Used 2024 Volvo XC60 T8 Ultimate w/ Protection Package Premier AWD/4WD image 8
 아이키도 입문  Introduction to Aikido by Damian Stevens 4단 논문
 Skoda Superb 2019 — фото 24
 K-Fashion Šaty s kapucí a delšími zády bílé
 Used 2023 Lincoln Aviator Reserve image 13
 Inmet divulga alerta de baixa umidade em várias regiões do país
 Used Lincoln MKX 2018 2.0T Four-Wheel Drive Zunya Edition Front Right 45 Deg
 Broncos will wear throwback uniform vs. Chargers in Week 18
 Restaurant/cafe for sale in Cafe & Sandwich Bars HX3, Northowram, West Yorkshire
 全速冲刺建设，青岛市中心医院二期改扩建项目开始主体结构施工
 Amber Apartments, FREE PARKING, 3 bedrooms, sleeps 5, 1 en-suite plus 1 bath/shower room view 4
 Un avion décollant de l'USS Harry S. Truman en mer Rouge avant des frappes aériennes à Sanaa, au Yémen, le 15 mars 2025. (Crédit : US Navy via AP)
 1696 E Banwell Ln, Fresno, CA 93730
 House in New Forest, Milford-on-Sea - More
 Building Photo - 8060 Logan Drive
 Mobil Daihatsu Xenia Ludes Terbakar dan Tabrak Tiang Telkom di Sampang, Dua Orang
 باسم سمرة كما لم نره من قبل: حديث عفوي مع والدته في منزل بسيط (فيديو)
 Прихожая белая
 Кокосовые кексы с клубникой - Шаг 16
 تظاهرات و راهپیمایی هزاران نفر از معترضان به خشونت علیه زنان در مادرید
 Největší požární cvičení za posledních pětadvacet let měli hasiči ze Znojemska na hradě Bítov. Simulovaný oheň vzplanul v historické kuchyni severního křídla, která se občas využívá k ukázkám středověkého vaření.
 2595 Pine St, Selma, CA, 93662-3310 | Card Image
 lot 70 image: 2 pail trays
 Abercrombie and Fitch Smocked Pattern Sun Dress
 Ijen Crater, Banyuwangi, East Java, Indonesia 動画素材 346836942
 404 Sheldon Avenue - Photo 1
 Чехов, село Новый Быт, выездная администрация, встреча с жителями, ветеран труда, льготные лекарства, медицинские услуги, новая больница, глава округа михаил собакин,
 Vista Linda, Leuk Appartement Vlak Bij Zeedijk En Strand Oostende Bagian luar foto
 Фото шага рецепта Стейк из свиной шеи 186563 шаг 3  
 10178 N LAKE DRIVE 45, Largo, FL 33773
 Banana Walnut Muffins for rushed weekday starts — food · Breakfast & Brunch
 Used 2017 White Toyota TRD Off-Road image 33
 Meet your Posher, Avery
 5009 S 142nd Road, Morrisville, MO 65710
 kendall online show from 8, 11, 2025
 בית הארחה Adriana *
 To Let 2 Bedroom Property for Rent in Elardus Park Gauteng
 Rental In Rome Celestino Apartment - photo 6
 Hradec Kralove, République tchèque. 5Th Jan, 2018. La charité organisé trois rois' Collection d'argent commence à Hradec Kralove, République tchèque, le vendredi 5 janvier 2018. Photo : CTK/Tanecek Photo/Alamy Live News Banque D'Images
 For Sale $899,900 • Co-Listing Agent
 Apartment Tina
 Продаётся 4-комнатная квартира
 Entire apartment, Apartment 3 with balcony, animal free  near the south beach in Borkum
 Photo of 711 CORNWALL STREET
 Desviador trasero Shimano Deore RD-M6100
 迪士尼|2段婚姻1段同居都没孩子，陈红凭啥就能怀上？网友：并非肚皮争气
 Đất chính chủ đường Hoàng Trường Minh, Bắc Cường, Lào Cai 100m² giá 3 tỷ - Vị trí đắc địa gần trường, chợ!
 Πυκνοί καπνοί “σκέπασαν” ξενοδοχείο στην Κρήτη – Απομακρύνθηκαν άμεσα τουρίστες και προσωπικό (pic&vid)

++++++

__INSTRUCTIONS TO FOLLOW__. Some lines contain the word "Lincoln". Pull each one out of the listing.

__OUTPUT__.
 Used 2023 Lincoln Aviator Reserve image 13
 Used Lincoln MKX 2018 2.0T Four-Wheel Drive Zunya Edition Front Right 45 Deg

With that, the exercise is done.